LONDON, March 29 (Reuters) - London Metal Exchange (LME) zinc recorded a new all-time high of $4,896 per tonne earlier this month, eclipsing the previous 2006 peak of $4,580 per tonne.

True, the March 8 spike was over in a matter of hours and looked very much like the forced close-out of positions to cover margin calls in the LME nickel contract, which was imploding at the time before being suspended.

But zinc has since re-established itself above the $4,000 level, last trading at $4,100 per tonne, amid escalating supply chain tensions.

Russia's invasion of Ukraine, which Moscow calls a special military operation, doesn't have any direct impact on zinc supply as Russian exports are negligible.

But the resulting increase in energy prices is piling more pressure on already struggling European smelters.

European buyers are paying record physical premiums over and above record high LME prices, a tangible sign of scarcity which is now starting to spread to the North American market.

The world is not yet running out of the galvanising metal but a market that even a few months ago was expected to be in comfortable supply surplus is turning out to be anything but.

EUROPEAN POWER-DOWN

One European smelter - Nyrstar's Auby plant in France - has returned to partial production after being shuttered in January due to soaring power costs.

But run-rates across the company's three European smelters with combined annual capacity of 720,000 tonnes will continue to be flexed "with anticipated total production cuts of up to 50%", Nyrstar said.

High electricity prices across Europe mean "it is not economically feasible to operate any of our sites at full capacity", it said.

Still on full care and maintenance is Glencore's 100,000-tonne-per-year Portovesme site in Italy, another power-crisis casualty.

Zinc smelting is an energy-intensive business and these smelters were already in trouble before Russia's invasion sent European electricity prices spiralling yet higher.

Record-high physical premiums, paid on top of the LME cash price, attest to the regional shortage of metal. The premium for special-high-grade zinc at the Belgian port of Antwerp has risen to $450 per tonne from $170 last October before the winter heating crisis kicked in.

The Italian premium has exploded from $215.00 to $462.50 per tonne over the same time frame, according to Fastmarkets.

LME warehouses in Europe hold just 500 tonnes of zinc - all of it at the Spanish port of Bilbao and just about all of it bar 25 tonnes cancelled in preparation for physical load-out.

Tightness in Europe is rippling over the Atlantic. Fastmarkets has just hiked its assessment of the U.S. Midwest physical premium by 24% to 26-30 cents per lb ($573-$661 per tonne).

LME-registered stocks in the United States total a low 25,925 tonnes and available tonnage is lower still at 19,825 tonnes.
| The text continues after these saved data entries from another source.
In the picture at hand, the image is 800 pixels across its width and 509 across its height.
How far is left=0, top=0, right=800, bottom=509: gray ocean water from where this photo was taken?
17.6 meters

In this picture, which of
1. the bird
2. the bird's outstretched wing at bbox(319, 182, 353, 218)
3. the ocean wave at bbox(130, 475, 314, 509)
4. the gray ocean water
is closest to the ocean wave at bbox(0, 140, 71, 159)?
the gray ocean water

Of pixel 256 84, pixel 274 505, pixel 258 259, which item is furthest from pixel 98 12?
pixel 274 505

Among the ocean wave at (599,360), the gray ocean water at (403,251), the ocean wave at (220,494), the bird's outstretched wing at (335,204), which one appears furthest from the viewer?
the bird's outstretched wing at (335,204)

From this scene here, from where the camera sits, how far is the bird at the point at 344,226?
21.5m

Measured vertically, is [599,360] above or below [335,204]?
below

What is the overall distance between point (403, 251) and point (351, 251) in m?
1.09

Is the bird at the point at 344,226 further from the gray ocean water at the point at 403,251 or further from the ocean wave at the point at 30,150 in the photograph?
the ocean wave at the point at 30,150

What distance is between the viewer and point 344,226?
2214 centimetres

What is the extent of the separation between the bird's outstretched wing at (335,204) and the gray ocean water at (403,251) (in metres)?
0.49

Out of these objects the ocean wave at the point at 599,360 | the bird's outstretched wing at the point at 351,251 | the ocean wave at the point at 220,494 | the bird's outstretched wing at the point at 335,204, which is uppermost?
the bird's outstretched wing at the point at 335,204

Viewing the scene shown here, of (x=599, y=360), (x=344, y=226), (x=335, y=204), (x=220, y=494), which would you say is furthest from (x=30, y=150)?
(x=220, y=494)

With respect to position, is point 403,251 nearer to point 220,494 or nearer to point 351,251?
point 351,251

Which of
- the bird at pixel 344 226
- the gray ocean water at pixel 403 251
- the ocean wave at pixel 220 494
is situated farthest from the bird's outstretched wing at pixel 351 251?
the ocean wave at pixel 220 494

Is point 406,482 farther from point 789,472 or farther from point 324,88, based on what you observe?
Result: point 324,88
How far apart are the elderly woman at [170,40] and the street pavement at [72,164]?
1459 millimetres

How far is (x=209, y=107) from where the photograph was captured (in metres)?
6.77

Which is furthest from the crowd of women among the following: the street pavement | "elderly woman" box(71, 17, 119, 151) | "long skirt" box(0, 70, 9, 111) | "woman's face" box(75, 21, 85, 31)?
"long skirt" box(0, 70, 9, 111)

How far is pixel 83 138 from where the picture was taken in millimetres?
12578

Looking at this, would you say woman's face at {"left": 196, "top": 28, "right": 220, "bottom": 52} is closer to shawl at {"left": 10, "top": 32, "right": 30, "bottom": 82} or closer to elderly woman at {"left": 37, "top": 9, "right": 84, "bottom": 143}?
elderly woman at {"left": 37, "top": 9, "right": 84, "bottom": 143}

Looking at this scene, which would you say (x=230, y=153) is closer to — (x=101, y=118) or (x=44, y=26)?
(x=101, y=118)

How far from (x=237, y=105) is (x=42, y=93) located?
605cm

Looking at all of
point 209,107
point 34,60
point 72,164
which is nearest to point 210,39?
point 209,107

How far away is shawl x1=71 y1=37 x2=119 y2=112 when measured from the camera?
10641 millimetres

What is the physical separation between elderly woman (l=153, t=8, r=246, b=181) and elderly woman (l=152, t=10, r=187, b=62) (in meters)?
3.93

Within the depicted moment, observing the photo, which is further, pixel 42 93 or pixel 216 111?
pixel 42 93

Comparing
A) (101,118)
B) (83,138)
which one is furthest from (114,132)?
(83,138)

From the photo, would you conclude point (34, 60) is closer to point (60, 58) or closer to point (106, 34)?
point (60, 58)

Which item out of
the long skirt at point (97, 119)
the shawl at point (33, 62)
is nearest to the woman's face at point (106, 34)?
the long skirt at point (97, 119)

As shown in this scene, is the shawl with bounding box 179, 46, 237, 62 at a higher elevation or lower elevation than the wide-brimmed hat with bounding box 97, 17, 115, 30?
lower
This time last year New Orleans alone held almost 100,000 tonnes of zinc.

REBALANCING ACT

About 80% of the LME's registered zinc inventory is currently located at Asian locations, first and foremost Singapore, which holds 81,950 tonnes.
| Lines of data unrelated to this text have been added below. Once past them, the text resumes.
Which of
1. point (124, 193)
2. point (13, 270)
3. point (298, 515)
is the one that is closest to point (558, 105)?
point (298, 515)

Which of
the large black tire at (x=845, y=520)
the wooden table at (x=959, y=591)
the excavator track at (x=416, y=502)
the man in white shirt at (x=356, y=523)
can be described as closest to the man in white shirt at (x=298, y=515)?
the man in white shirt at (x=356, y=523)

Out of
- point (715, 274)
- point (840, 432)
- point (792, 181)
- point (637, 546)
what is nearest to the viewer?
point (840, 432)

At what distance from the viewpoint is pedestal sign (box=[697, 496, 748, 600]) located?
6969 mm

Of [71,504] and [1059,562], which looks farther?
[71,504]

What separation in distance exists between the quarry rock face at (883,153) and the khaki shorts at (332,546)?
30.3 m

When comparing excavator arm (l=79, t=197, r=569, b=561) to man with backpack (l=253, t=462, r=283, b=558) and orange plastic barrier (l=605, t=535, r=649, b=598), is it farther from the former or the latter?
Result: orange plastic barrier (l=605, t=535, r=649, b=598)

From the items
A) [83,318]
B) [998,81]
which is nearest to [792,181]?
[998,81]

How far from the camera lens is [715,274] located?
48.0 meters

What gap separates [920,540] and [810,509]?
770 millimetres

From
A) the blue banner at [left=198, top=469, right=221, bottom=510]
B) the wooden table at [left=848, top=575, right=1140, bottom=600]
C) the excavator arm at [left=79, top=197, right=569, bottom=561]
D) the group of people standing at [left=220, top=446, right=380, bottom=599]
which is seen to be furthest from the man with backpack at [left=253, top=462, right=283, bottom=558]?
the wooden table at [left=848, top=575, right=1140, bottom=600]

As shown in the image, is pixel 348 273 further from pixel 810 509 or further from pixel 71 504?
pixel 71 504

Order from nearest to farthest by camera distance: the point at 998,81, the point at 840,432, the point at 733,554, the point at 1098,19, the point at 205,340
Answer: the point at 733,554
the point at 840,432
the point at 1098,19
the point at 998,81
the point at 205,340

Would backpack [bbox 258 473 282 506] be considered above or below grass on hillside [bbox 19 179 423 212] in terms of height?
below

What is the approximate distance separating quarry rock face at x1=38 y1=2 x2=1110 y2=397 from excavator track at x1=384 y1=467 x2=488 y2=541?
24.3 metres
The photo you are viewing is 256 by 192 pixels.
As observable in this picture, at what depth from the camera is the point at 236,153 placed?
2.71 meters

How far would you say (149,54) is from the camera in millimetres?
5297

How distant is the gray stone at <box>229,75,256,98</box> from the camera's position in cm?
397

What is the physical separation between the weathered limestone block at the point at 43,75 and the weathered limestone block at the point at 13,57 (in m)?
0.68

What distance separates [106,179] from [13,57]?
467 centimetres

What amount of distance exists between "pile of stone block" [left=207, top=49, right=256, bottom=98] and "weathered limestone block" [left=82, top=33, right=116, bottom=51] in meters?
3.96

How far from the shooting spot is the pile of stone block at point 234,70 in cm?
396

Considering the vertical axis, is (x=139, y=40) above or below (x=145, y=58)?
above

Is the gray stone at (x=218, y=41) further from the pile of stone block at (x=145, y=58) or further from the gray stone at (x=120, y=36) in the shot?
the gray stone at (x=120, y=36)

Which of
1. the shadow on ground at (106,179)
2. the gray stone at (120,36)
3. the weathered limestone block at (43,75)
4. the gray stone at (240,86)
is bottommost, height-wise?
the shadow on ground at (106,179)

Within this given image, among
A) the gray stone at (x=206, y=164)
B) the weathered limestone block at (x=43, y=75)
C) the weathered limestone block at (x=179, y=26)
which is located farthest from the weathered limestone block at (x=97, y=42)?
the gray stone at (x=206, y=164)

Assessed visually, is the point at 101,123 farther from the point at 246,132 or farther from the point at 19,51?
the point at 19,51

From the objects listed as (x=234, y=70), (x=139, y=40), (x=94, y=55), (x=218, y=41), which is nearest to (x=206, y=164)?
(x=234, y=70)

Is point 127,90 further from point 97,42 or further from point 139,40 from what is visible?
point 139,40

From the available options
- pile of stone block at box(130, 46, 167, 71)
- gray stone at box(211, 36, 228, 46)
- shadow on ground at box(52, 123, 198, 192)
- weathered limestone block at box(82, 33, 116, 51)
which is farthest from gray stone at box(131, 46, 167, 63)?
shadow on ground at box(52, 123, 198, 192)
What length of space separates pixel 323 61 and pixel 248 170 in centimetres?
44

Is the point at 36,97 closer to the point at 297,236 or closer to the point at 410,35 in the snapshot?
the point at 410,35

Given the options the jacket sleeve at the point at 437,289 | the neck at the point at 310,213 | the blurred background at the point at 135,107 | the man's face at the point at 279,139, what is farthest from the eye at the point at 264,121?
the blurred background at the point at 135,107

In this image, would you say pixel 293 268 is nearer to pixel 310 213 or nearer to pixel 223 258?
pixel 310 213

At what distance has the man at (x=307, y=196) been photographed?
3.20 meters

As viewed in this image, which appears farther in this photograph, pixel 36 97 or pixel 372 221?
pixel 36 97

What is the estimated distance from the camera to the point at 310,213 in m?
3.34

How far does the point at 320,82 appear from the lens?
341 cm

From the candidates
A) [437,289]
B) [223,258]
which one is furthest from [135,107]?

There is also plenty of metal sitting in Shanghai Futures Exchange warehouses. Registered stocks have seen their usual seasonal Lunar New Year holiday surge, rising from 58,000 tonnes at the start of January to a current 177,826 tonnes.

Quite evidently Asian buyers haven't yet been affected by the unfolding supply crunch in Europe and there is plenty of potential for a wholesale redistribution of stocks from east to west.

This is what happened last year in the lead market, China exporting its surplus to help plug gaps in the Western supply chain. Lead, however, should also serve as a warning that global rebalancing can be a slow, protracted affair due to continuing log-jams in the shipping sector.

MOVING THE GLOBAL DIAL

While there is undoubted slack in the global zinc market, Europe is still big enough a refined metal producer to move the market dial.

The continent accounts for around 16% of global refined output and the loss of production due to the regional energy crisis has upended the zinc market narrative.

When the International Lead and Zinc Study Group (ILZSG) last met in October, it forecast a global supply surplus of 217,000 tonnes for 2021.

That was already a sharp reduction from its earlier April assessment of a 353,000-tonne production overhang.

The Group's most recent calculation https://www.ilzsg.org/static/statistics.aspx?from=5 is that the expected surplus turned into a 194,000-tonne shortfall last year. The difference was almost wholly down to lower-than-forecast refined production growth, which came in at just 0.5% compared with an October forecast of 2.5%.

With Chinese smelters recovering from their own power problems earlier in the year, the fourth-quarter deceleration was largely due to lower run-rates at Europe's smelters.

The ILZSG's monthly statistical updates are inevitably a rear-view mirror but Europe's production losses have continued unabated over the first quarter of 2022.

Moreover, the scale of the shift higher in power pricing, not just spot but along the length of the forward curve, poses a longer-term question mark over the viability of European zinc production.

A redistribution of global stocks westwards can provide some medium-term relief but zinc supply is facing a new structural challenge which is not going away any time soon.

The opinions expressed here are those of the author, a columnist for Reuters.